The Advanced IRB Approach is the most advanced method for estimating credit risk.

See an overview of the different credit risk-weightings (Pillar I only) for mortgage loans under the Standardised Approach and Advanced IRB Approach using Danske Bank's internal estimates.

Danske Bank has been working with economic capital models and concepts like PD and LGD for almost ten years, and has therefore significant experience in this field. Danske Bank's shared IT platform and robust data warehouse have also been advantageous in the preparations for the CRD.

Market risk
Danske Bank has also used advanced models for estimating market risk for a number of years. Danske Bank was the first bank in Denmark that got its internal model acknowledged by the Danish FSA.
Danske Bank submitted a application to the Danish FSA in October 2006 for approval to apply a new, more advanced model to calculate the market risk of risk-weighted assets on a consolidated basis and for the parent bank effective from the first quarter of 2007. The Danish FSA approved the application.
Subsidiaries will continue to use the standard method.

Operational risk
For the time being, the Danske Bank Group has decided to apply the standard indicator method in the calculation of operational risk. It is expected that this decision will be reviewed in the course of one to two years.

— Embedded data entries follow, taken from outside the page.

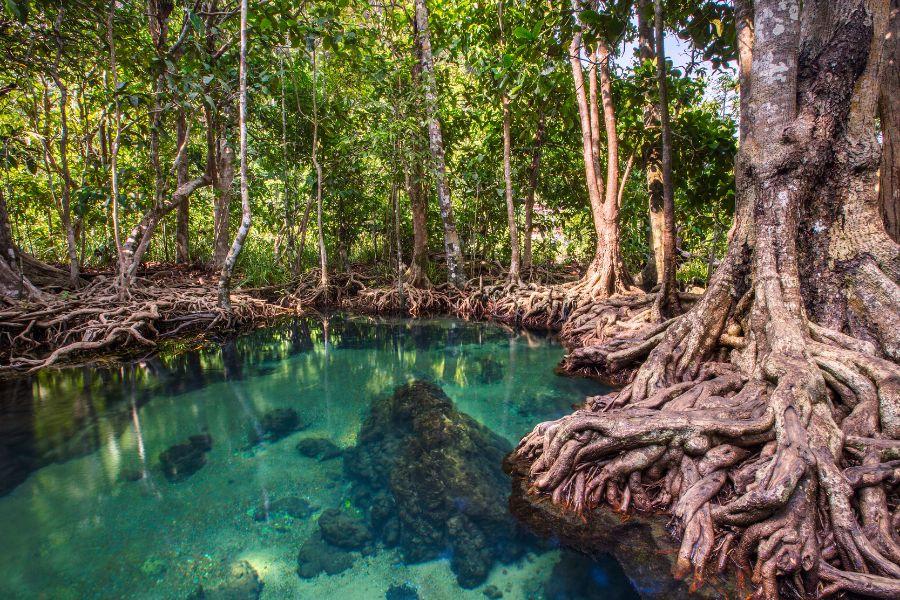 Night Travel from Phuket to Krabi: What to Expect and Safety Tips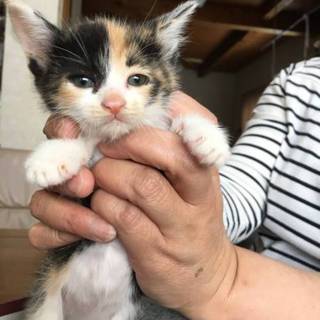 三毛子猫の里親決定しました!!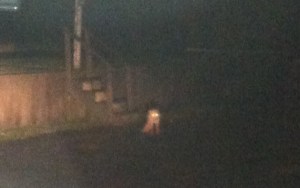 Blurry fox, Wellfleet marina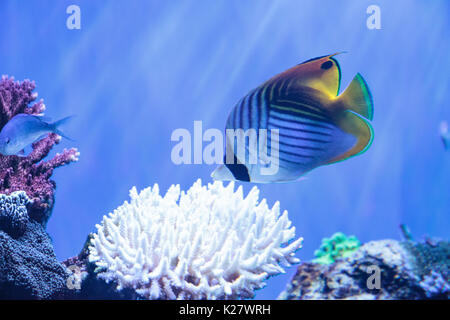 Raccoon butterflyfish Chaetodon lunula si trova nella regione di Indo-Pacifico. Foto Stock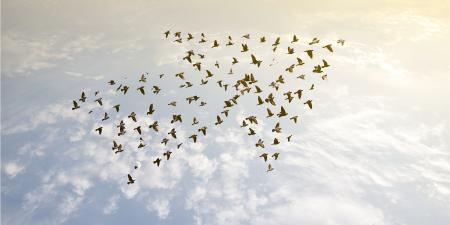 expansive co-creation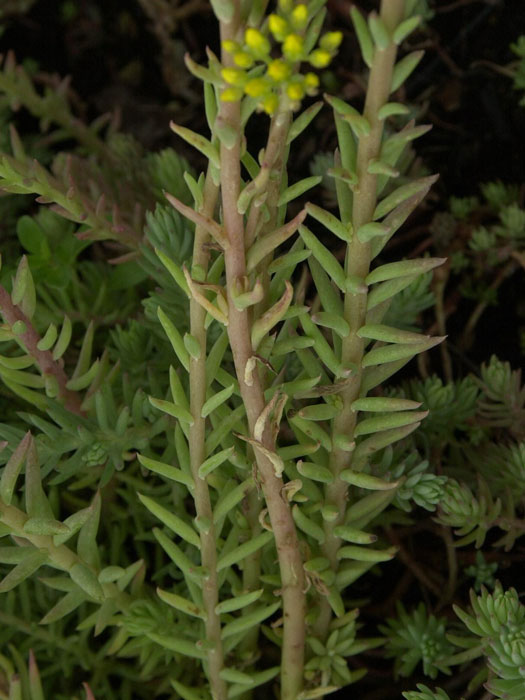 Tripmadam, Felsen-Fetthenne, Sedum reflexum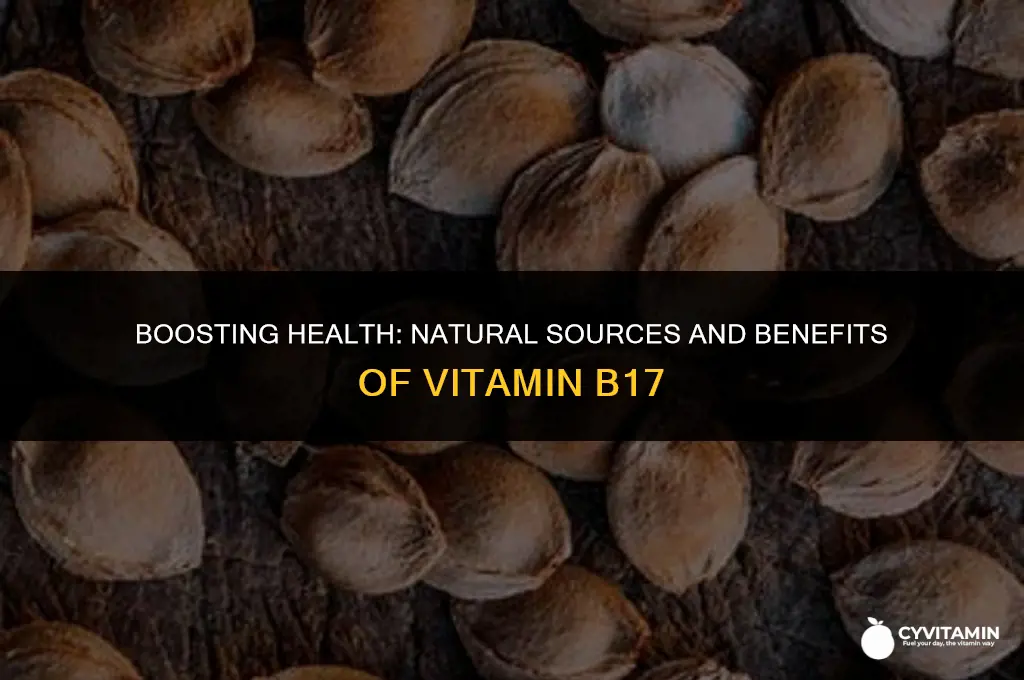 how to get b17 vitamin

The standardised approach uses one indicator but different weightings (“beta-factors) for different lines of business, for example, commercial banking and retail banking. The Bank calculates the capital requirement by multiplying a defined indicator by the beta factor for each business unit. The sum of the capital requirements for the different business units is used to calculate the capital requirement.

Therefore, Danske Bank’s business units have been linked to the eight business areas specified in the CRD:
  • Corporate finance
  • Trading and sales
  • Retail brokerage
  • Commercial banking
  • Retail banking
  • Payment and settlement
  • Agency services
  • Asset management

The result of this mapping and the average "beta-factor" for the different business areas are shown in the table below:

Business area
Beta factor (%)
Banking Activities
13
Danske Markets
18
Shared Service Centre and other cost centres
18
Mortgage Finance
13
Danske Capital
13
Danske Bank Group
14


The Group collects loss data in two different ways. First, Risk Management has established collaboration with the Danske Bank's Internal Audit under which all movements on a number of internal accounts are collected and stored.

In addition, Danske Bank has implemented an IT system under which all operational losses exceeding DKr 25,000 are recorded and commented on. The web-based system was upgraded in 2006 and has logged more than 4,400 events since the start-up in 2001.

The Group also participates in an international collaboration, the Operational Riskdata eXchange Association (ORX), which ensures exchange of information on operational losses among the participating banks. Loss data are exchanged on a quarterly basis for amounts exceeding €20,000, and at present more than 30,000 events have been logged since 2003. Finally, Danske Bank subscribes to Fitch Ratings’ public loss database.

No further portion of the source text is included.